◆ Source information ◆
----------------

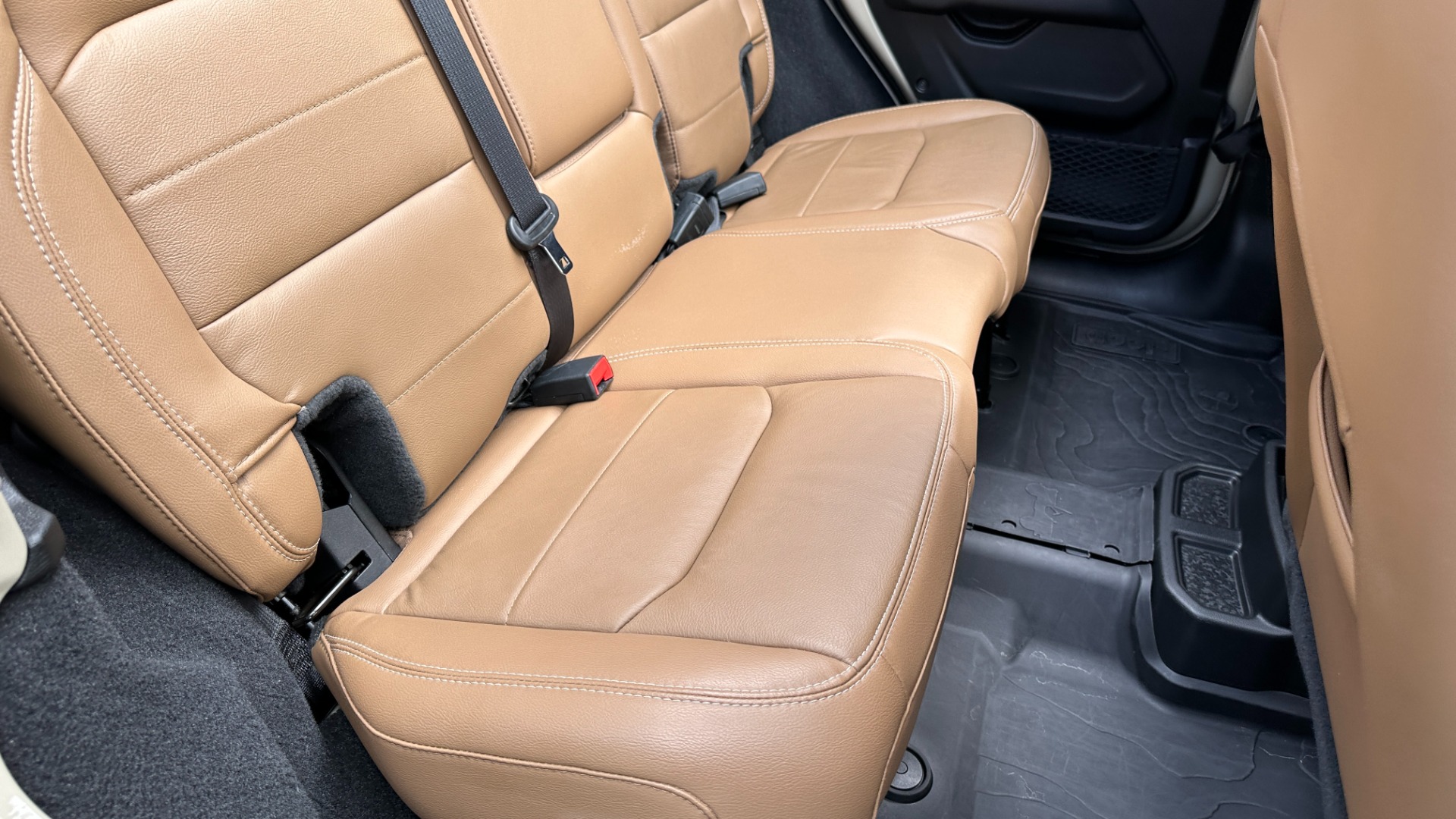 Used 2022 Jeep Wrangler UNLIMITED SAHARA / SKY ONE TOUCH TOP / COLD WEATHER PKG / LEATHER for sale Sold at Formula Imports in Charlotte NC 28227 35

----------------

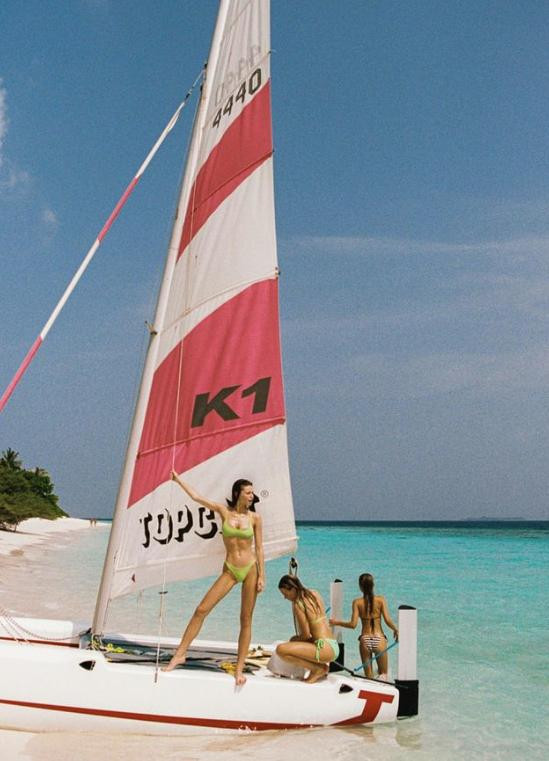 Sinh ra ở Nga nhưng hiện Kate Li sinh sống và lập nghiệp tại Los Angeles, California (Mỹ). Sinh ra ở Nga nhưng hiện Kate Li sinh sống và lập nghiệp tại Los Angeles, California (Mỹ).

----------------

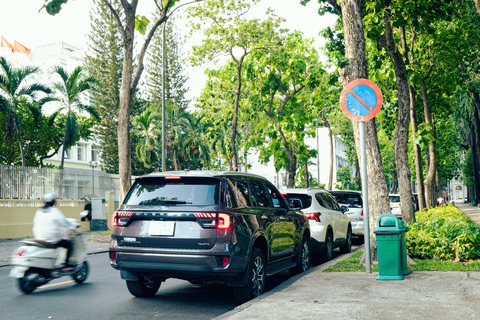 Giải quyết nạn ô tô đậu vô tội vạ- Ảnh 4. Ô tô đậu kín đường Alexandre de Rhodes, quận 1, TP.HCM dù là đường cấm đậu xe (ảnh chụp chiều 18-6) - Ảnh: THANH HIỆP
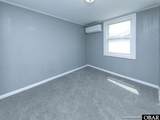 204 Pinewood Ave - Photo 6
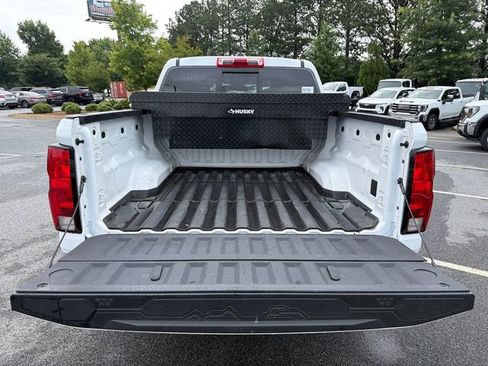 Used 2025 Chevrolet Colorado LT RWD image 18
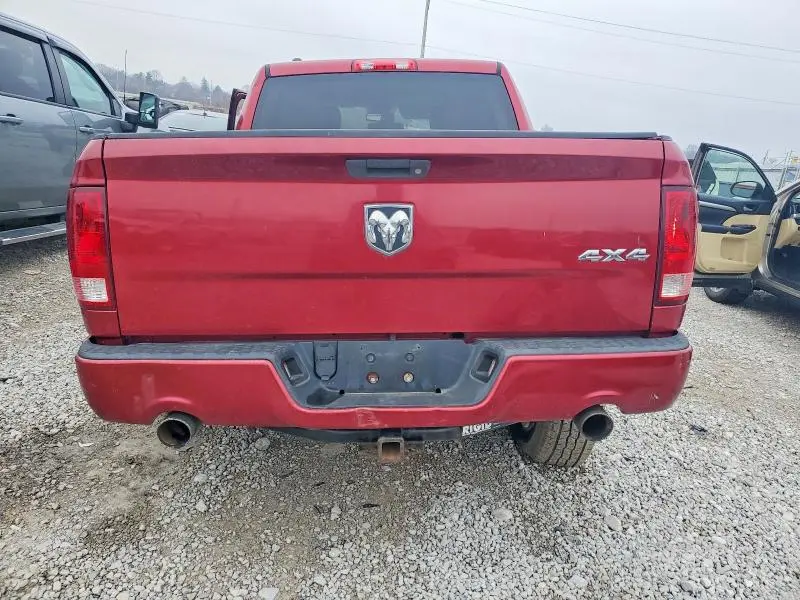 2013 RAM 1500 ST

----------------

Starting at the line above that holds "Used 2025 Chevrolet Colorado LT RWD image 18", repeat every line exactly down to and including the line that holds "2013 RAM 1500 ST", then stop. Do not carry over any pictures.

 Used 2025 Chevrolet Colorado LT RWD image 18
 2013 RAM 1500 ST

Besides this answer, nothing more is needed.